Tuition fees were meant to pit teachers and learners against each other. Instead, they have bound them together in solidarity
The most interesting thing in a damning report often doesn’t end up as its talking point. Damnation is so fun, it’s hard to prioritise. So when the Commissioner for Public Appointments looked into the selection criteria for the board of the Office for Students, all the fireworks focused on Toby Young. Pugnacious in the noughties but curiously sensitive this decade, upset by mere mention of the anal sex jokes that only a short time ago were his stock in trade, Young was the beneficiary of a process that we could have all hazarded a guess at, but now have on paper: Jo Johnson, the universities minister, told him to apply. Justine Greening’s objections were overruled. The other candidates were discounted by a process with “serious shortcomings in fairness and transparency”. As if by magic, the least-suited person was suddenly the best imaginable, like Ivanka Trump in South Korea, or Tom Hanks in Big.

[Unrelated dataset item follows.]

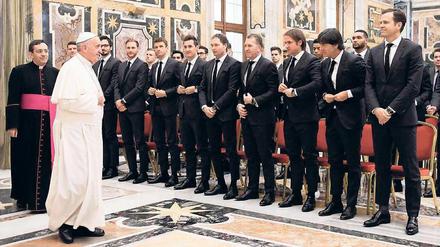 Urbi et Jogi. Für Papst Franziskus hat sich der Bundestrainer (2.v.r.) bei der Audienz im Apostolischen Palast sogar einen Schlips umgebunden.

Less was said about the panel’s decision on its choice of a student representative: in the selection process, it explicitly excluded anyone who had been involved with the National Union of Students. Nothing about this blacklist appeared in the advert for candidates, of course, because it would have made them look crazy; what kind of Office for Students discounts anyone who has shown an interest in the collective lot of students? Yet secret criteria aren’t a great look, either, signifying something in the region of bottomless distrust of the student body.